For warming up: a fast matrix approach for computing the output of a neural network

Before discussing backpropagation, let's warm up with a fast matrix algorithm to calculate the output of a neural network. We actually met with this algorithm by the end of the previous chapter, but I described it quickly, so it is worth re-examining it in more detail. In particular, it will be a good way to adapt to the record used in back distribution, but in a familiar context.

Let's start with a record that allows us to unambiguously denote weights in the network. We will use w ^l _jk to denote the weight of the connection of the neuron No. k in the layer No. (l-1) with the neuron No. j in the layer No. 1. So, for example, the diagram below shows the weight of the connection of the fourth neuron of the second layer with the second neuron of the third layer:

At first, such a record seems awkward, and requires some effort to get used to. However, it will soon seem simple and natural to you. One of its features is the order of the indices j and k. You might decide that it would be wiser to use j to designate an input neuron, and k for the output, and not vice versa, as we do. The reason for this feature, I will explain below.

We will use similar designations for offsets and network activations. In particular, b ^l _j will denote the displacement of the neuron №j in the layer №l. a ^l _j will denote the activation of neuron №j in the layer №l. The following diagram shows examples of using this record:

With such a record, the activation of a ^l _{j of} neuron No. _j in layer No. l is associated with activation in layer No. (l-1) by the following equation (compare with equation (4) and its discussion in the last chapter):

$a ^ l_j = \ sigma (\ sum_k w ^ l_ {jk} a ^ {l − 1} _k + b ^ l_j) \ tag {23}$

where the sum goes over all neurons k in the layer (l-1). To rewrite this expression in a matrix form, we define a matrix of weights w ^l for each layer l. The elements of the weights matrix are simply weights connected to the layer №l, that is, the element in the row №j and the column №k will be w ^l _jk . Similarly, for each layer l, we define the displacement vector b ^l . You probably guessed how it works - the components of the displacement vector are just the values of b ^l _j , one component for each neuron in the layer №l.

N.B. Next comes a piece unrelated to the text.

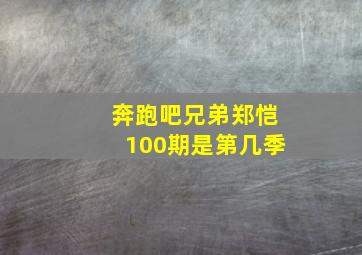 奔跑吧兄弟郑恺100期是第几季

And finally, we define the activation vector a ^l , whose components will be the activation a ^l _j .

The final ingredient needed to rewrite (23) is the matrix form of vectorization of the function σ. We casually encountered vectorization in the last chapter — the idea is that we want to apply the function σ to each element of the vector v. We use the obvious entry σ (v) to denote the elementwise use of the function. That is, the components of σ (v) are simply σ (v) _j = σ (v _j ). For example, if we have a function f (x) = x ² , then the vectorized form f gives us

$f (\ begin {bmatrix} 2 \\ 3 \ end {bmatrix}) = \ begin {bmatrix} f (2) \\ f (3) \ end {bmatrix} = \ begin {bmatrix} 4 \\ 9 \ end {bmatrix} \ tag {24}$

that is, vectorized f simply squares each element of the vector.

Given all these forms of writing, equation (23) can be rewritten in a beautiful and compact vectorized form:

$a ^ l = \ sigma (w ^ l a ^ {l − 1} + b ^ l) \ tag {25}$

This expression allows us to more globally look at the connection of activations of one layer with the activations of the previous one: we simply apply the weights matrix to the activations, add the displacement vector and then apply the sigmoid. By the way, it is this record that requires the use of the record w ^l _jk . If we used j to denote the input neuron, and k for the output, we would have to replace the weights matrix in equation (25) with the transposed one. This is a small but annoying change, and we would have lost the simplicity of the statement (and reflection) about the “application of the matrix of weights to activations”. Such a global approach is simpler and more concise (and uses fewer indices!) Than a pioneer one. This is just a way to avoid index hell without losing the accuracy of the notation. This expression is also useful in practice, since most matrix libraries offer fast ways to multiply matrices, add vectors and vectorize. The code in the last chapter directly used this expression to calculate the behavior of the network.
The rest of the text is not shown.